A graph works by introducing an adequate number of vertices to represent all the entities you need and connecting them by their edges. Then, starting at an arbitrary vertex, all vertices that are directly or indirectly connected can eventually be reached by following their edges. This way, we can see what elements compose the path between any two observed vertices, and we can also notice the possible alternative paths.

Graph Definition

From a more abstract perspective, we define a graph as a set of vertices {a, b, c, d, …} and a collection of edges, i.e. pairs of vertices, e.g. (a, b), (a, c). A “collection of edges” part of the graph definition implies that we are allowing more than one edge with the same pair of vertices. In that case, we refer to them as parallel or multiple edges. However, we can replace the part of the definition “collection of edges” with the part “set of edges” and effectively restrict any edge from appearing more than once. A graph with such a definition is known as a simple graph.

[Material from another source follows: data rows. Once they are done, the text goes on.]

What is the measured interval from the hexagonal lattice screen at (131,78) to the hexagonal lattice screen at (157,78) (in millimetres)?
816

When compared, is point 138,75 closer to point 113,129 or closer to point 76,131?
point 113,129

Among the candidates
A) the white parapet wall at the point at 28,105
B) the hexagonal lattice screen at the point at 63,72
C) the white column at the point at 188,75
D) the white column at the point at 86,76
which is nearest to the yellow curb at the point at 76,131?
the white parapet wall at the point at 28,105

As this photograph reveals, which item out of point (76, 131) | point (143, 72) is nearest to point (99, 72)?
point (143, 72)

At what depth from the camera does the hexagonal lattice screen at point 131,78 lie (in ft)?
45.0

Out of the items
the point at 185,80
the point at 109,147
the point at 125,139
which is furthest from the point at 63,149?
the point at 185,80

A graph’s edge can be either directed or undirected. An undirected edge stands for a symmetrical relationship between the two vertices, meaning the relationship is identical in both ways. An example of a symmetric relationship can be found in social networking, where a is a friend of b and b is a friend of a. An undirected edge is expressed in a shorter form as (a, b) = (b, a). A directed edge stands for an asymmetrical relationship between the two vertices, meaning the relationship is not identical in both ways. An example of an asymmetric relationship is an arbitrary hierarchy, where a is superior to b, but b is inferior to a. Another example is a production process in a factory, where iron ore, limestone, and coal are processed together and steel is produced. However, steel cannot be processed in reverse to produce iron ore, limestone, and coal. A directed edge is expressed in a shorter form as (a, b).

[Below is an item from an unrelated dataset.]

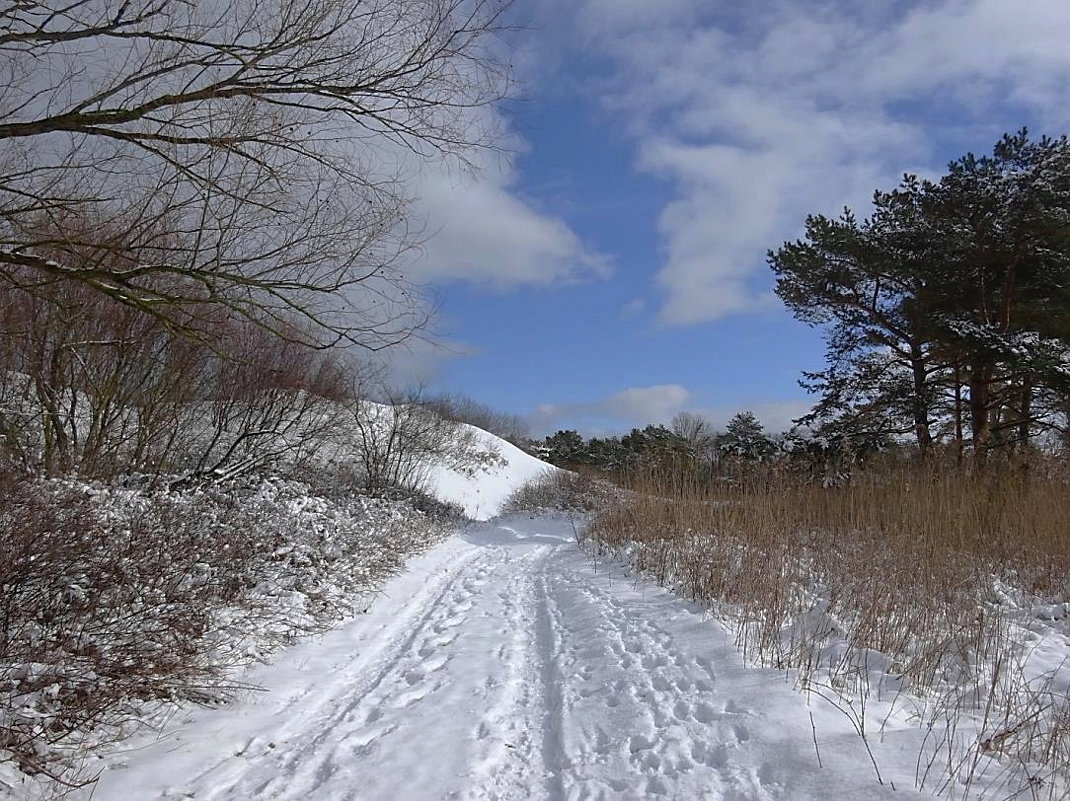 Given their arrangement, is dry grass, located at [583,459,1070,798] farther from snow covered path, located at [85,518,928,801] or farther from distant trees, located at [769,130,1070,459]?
distant trees, located at [769,130,1070,459]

A graph that contains only the directed edges is called a directed graph, or digraph. If only undirected edges constitute a graph, it is referred to as an undirected graph. The third kind of graph, containing both the directed and undirected edges is called a mixed graph.

Before we continue, we will add a few more terms to our basis of knowledge to easier comprehend what follows. When an undirected edge joins the two vertices, we call these vertices the endpoint vertices, end vertices, or simply just endpoints. On the other hand, a directed edge connects the origin vertex and the destination vertex. The two vertices are adjacent when there is at least one edge connecting the vertices. An edge is adjacent to a vertex when the vertex is one of its endpoints. When a vertex is an origin of a directed edge, we call it an outgoing edge. Contrary, when a vertex represents a destination of a directed edge, we say it is an incoming edge. An out-degree of a vertex, or shorter, outdeg(a), stands for the total number of its outgoing edges. An in-degree of a vertex a, or shorter, indeg(a) represents the total number of its incoming edges. The degree of a vertex a, deg(a) is the total number of its adjacent edges.

How is a Graph Implemented?

We will implement our graph by introducing three complex user types, i.e. the Vertex class for the vertices, the Edge class for the edges, and the Graph class for the graph construction, unifying the former two types.

The Vertex object holds a value representing a real-world object, an entity that forms a relationship with other entities. We will equip it with a method for accessing the containing value, entity().

In its simplest form and our current implementation, an Edge object contains only a pair of vertices (a, b). In more complex cases (common when modeling a real-world phenomenon), the Edge object may also contain additional information, describing how are the vertices connected. In essence, these complex cases assign weights or labels to the edges. We will equip our Edge object with methods endpoints() and opposite().

The Graph class is the top-level object consisting of both Vertex and Edge objects, organized into dictionaries. Its behavior is currently implemented via methods is_directed(), adjacent_edges(), add_vertex(), add_edge(), vertices(), and edges().

class Graph:

    def __init__(self, directed=False):
        self._outgoing = {}

        # If the graph is undirected, 'self._outgoing'
        # is the universal storage.
        self._incoming = {} if directed else self._outgoing

    # If the graph is directed, the 'self._incoming' 
    # dictionary differs from the 'self._outgoing'.
    def is_directed(self):
        return self._incoming is not self._outgoing

    # The function returns a generator of incoming
    # or outgoing (default) edges of a vertex.
    def adjacent_edges(self, vertex, outgoing=True):
        # References the corresponding outer dictionary
        # (dictionary of dictionaries)
        adj_edges = self._outgoing if outgoing else self._incoming

        # Access each of the edges for this endpoint vertex.
        for edge in adj_edges[vertex].values():
            yield edge

    def add_vertex(self, entity=None):
        # Constructs a new vertex from the entity.
        vertex = self.Vertex(entity)

        # The vertex becomes a key in the outer dictionary,
        # but the value is an internal dictionary (as we model
        # both dimensions for each edge: origin and destination).
        # e.g. {vertex_1a:{vertex_b:edge_a_b}, vertex_b:{vertex_c:edge_b_c}}.
        self._outgoing[vertex] = {}
        if self.is_directed():
            self._incoming[vertex] = {}

    def add_edge(self, origin, destination):
        # Constructs a new edge from the vertices.
        edge = self.Edge(origin, destination)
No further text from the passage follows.